> **Exercise goal**: Give back every record exactly as it reads.

Stored items:
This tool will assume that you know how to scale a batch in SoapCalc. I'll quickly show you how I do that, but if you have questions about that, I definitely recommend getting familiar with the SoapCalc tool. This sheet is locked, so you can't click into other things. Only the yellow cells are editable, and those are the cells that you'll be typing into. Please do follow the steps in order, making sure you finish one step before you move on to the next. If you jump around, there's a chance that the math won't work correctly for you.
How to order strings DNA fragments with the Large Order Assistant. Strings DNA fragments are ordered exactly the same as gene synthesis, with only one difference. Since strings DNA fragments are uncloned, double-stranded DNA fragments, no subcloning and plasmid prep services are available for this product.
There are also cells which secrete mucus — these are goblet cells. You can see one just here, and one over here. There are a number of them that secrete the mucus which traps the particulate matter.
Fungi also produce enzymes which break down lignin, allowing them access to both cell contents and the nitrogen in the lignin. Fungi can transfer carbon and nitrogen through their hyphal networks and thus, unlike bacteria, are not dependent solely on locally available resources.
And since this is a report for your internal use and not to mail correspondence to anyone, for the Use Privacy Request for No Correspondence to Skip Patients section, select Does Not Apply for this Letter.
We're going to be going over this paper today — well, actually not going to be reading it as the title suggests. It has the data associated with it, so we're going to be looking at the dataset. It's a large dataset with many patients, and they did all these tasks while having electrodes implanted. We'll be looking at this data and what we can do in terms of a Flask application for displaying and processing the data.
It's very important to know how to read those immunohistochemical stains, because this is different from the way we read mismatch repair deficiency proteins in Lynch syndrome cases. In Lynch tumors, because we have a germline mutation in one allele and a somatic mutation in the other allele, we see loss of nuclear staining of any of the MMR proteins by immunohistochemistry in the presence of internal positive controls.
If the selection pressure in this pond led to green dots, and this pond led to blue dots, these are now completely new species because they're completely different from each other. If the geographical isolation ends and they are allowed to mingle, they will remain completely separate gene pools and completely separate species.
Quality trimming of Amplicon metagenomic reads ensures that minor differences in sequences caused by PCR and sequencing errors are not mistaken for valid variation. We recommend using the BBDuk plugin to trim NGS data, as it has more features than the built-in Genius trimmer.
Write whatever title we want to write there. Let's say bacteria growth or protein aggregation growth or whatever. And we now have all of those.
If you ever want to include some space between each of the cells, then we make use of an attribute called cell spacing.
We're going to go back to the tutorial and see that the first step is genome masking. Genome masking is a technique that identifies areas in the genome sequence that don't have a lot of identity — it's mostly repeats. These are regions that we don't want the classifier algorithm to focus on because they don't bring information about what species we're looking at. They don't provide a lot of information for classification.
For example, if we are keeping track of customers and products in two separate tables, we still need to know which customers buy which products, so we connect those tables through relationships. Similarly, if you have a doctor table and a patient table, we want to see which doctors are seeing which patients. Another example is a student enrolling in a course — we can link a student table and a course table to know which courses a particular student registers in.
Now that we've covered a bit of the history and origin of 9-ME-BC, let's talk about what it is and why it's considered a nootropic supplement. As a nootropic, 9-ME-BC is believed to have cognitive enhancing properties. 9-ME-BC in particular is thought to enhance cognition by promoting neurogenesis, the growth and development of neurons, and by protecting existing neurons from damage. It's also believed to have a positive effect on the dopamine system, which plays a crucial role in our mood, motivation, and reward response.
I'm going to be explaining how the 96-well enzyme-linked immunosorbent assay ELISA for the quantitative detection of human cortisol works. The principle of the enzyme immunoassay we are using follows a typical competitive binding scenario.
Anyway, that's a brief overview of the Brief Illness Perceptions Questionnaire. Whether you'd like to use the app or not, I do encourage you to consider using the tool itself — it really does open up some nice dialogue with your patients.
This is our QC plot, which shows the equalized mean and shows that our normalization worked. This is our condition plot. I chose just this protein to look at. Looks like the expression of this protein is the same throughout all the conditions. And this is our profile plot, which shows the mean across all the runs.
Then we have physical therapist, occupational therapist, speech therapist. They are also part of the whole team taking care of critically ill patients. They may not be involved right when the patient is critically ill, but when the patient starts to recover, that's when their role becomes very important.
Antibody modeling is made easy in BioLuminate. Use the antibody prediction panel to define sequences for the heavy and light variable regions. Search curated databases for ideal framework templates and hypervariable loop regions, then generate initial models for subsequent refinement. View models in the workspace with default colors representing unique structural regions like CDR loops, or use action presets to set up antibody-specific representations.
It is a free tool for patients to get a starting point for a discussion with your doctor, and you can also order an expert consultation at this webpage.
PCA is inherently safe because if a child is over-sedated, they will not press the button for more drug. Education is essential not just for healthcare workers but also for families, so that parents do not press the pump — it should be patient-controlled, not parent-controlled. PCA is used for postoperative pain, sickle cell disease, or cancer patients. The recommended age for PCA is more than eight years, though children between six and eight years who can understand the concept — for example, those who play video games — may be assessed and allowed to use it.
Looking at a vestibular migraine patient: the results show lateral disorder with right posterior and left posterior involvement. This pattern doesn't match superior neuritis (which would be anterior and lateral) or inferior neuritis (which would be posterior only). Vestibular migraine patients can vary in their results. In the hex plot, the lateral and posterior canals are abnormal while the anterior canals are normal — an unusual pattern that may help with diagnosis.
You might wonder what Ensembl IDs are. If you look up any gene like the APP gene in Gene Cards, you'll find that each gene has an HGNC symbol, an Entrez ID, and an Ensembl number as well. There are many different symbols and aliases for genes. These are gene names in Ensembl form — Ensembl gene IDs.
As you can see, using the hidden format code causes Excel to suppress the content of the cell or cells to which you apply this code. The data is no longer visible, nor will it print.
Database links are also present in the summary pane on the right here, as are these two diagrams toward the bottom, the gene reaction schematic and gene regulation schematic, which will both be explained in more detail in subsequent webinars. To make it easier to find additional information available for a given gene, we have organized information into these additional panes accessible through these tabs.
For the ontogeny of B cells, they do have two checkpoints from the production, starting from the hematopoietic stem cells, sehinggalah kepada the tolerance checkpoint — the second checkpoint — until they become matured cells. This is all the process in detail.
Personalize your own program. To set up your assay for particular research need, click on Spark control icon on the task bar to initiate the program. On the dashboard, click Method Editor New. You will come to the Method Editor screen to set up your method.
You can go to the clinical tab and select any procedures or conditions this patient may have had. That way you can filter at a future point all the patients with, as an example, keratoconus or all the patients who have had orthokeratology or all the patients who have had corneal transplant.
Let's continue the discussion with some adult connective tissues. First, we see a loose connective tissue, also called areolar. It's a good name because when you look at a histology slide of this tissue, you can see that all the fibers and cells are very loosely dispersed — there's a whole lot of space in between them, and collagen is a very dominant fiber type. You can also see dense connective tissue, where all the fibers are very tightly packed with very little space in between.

> **Completed exercise**:
This tool will assume that you know how to scale a batch in SoapCalc. I'll quickly show you how I do that, but if you have questions about that, I definitely recommend getting familiar with the SoapCalc tool. This sheet is locked, so you can't click into other things. Only the yellow cells are editable, and those are the cells that you'll be typing into. Please do follow the steps in order, making sure you finish one step before you move on to the next. If you jump around, there's a chance that the math won't work correctly for you.
How to order strings DNA fragments with the Large Order Assistant. Strings DNA fragments are ordered exactly the same as gene synthesis, with only one difference. Since strings DNA fragments are uncloned, double-stranded DNA fragments, no subcloning and plasmid prep services are available for this product.
There are also cells which secrete mucus — these are goblet cells. You can see one just here, and one over here. There are a number of them that secrete the mucus which traps the particulate matter.
Fungi also produce enzymes which break down lignin, allowing them access to both cell contents and the nitrogen in the lignin. Fungi can transfer carbon and nitrogen through their hyphal networks and thus, unlike bacteria, are not dependent solely on locally available resources.
And since this is a report for your internal use and not to mail correspondence to anyone, for the Use Privacy Request for No Correspondence to Skip Patients section, select Does Not Apply for this Letter.
We're going to be going over this paper today — well, actually not going to be reading it as the title suggests. It has the data associated with it, so we're going to be looking at the dataset. It's a large dataset with many patients, and they did all these tasks while having electrodes implanted. We'll be looking at this data and what we can do in terms of a Flask application for displaying and processing the data.
It's very important to know how to read those immunohistochemical stains, because this is different from the way we read mismatch repair deficiency proteins in Lynch syndrome cases. In Lynch tumors, because we have a germline mutation in one allele and a somatic mutation in the other allele, we see loss of nuclear staining of any of the MMR proteins by immunohistochemistry in the presence of internal positive controls.
If the selection pressure in this pond led to green dots, and this pond led to blue dots, these are now completely new species because they're completely different from each other. If the geographical isolation ends and they are allowed to mingle, they will remain completely separate gene pools and completely separate species.
Quality trimming of Amplicon metagenomic reads ensures that minor differences in sequences caused by PCR and sequencing errors are not mistaken for valid variation. We recommend using the BBDuk plugin to trim NGS data, as it has more features than the built-in Genius trimmer.
Write whatever title we want to write there. Let's say bacteria growth or protein aggregation growth or whatever. And we now have all of those.
If you ever want to include some space between each of the cells, then we make use of an attribute called cell spacing.
We're going to go back to the tutorial and see that the first step is genome masking. Genome masking is a technique that identifies areas in the genome sequence that don't have a lot of identity — it's mostly repeats. These are regions that we don't want the classifier algorithm to focus on because they don't bring information about what species we're looking at. They don't provide a lot of information for classification.
For example, if we are keeping track of customers and products in two separate tables, we still need to know which customers buy which products, so we connect those tables through relationships. Similarly, if you have a doctor table and a patient table, we want to see which doctors are seeing which patients. Another example is a student enrolling in a course — we can link a student table and a course table to know which courses a particular student registers in.
Now that we've covered a bit of the history and origin of 9-ME-BC, let's talk about what it is and why it's considered a nootropic supplement. As a nootropic, 9-ME-BC is believed to have cognitive enhancing properties. 9-ME-BC in particular is thought to enhance cognition by promoting neurogenesis, the growth and development of neurons, and by protecting existing neurons from damage. It's also believed to have a positive effect on the dopamine system, which plays a crucial role in our mood, motivation, and reward response.
I'm going to be explaining how the 96-well enzyme-linked immunosorbent assay ELISA for the quantitative detection of human cortisol works. The principle of the enzyme immunoassay we are using follows a typical competitive binding scenario.
Anyway, that's a brief overview of the Brief Illness Perceptions Questionnaire. Whether you'd like to use the app or not, I do encourage you to consider using the tool itself — it really does open up some nice dialogue with your patients.
This is our QC plot, which shows the equalized mean and shows that our normalization worked. This is our condition plot. I chose just this protein to look at. Looks like the expression of this protein is the same throughout all the conditions. And this is our profile plot, which shows the mean across all the runs.
Then we have physical therapist, occupational therapist, speech therapist. They are also part of the whole team taking care of critically ill patients. They may not be involved right when the patient is critically ill, but when the patient starts to recover, that's when their role becomes very important.
Antibody modeling is made easy in BioLuminate. Use the antibody prediction panel to define sequences for the heavy and light variable regions. Search curated databases for ideal framework templates and hypervariable loop regions, then generate initial models for subsequent refinement. View models in the workspace with default colors representing unique structural regions like CDR loops, or use action presets to set up antibody-specific representations.
It is a free tool for patients to get a starting point for a discussion with your doctor, and you can also order an expert consultation at this webpage.
PCA is inherently safe because if a child is over-sedated, they will not press the button for more drug. Education is essential not just for healthcare workers but also for families, so that parents do not press the pump — it should be patient-controlled, not parent-controlled. PCA is used for postoperative pain, sickle cell disease, or cancer patients. The recommended age for PCA is more than eight years, though children between six and eight years who can understand the concept — for example, those who play video games — may be assessed and allowed to use it.
Looking at a vestibular migraine patient: the results show lateral disorder with right posterior and left posterior involvement. This pattern doesn't match superior neuritis (which would be anterior and lateral) or inferior neuritis (which would be posterior only). Vestibular migraine patients can vary in their results. In the hex plot, the lateral and posterior canals are abnormal while the anterior canals are normal — an unusual pattern that may help with diagnosis.
You might wonder what Ensembl IDs are. If you look up any gene like the APP gene in Gene Cards, you'll find that each gene has an HGNC symbol, an Entrez ID, and an Ensembl number as well. There are many different symbols and aliases for genes. These are gene names in Ensembl form — Ensembl gene IDs.
As you can see, using the hidden format code causes Excel to suppress the content of the cell or cells to which you apply this code. The data is no longer visible, nor will it print.
Database links are also present in the summary pane on the right here, as are these two diagrams toward the bottom, the gene reaction schematic and gene regulation schematic, which will both be explained in more detail in subsequent webinars. To make it easier to find additional information available for a given gene, we have organized information into these additional panes accessible through these tabs.
For the ontogeny of B cells, they do have two checkpoints from the production, starting from the hematopoietic stem cells, sehinggalah kepada the tolerance checkpoint — the second checkpoint — until they become matured cells. This is all the process in detail.
Personalize your own program. To set up your assay for particular research need, click on Spark control icon on the task bar to initiate the program. On the dashboard, click Method Editor New. You will come to the Method Editor screen to set up your method.
You can go to the clinical tab and select any procedures or conditions this patient may have had. That way you can filter at a future point all the patients with, as an example, keratoconus or all the patients who have had orthokeratology or all the patients who have had corneal transplant.
Let's continue the discussion with some adult connective tissues. First, we see a loose connective tissue, also called areolar. It's a good name because when you look at a histology slide of this tissue, you can see that all the fibers and cells are very loosely dispersed — there's a whole lot of space in between them, and collagen is a very dominant fiber type. You can also see dense connective tissue, where all the fibers are very tightly packed with very little space in between.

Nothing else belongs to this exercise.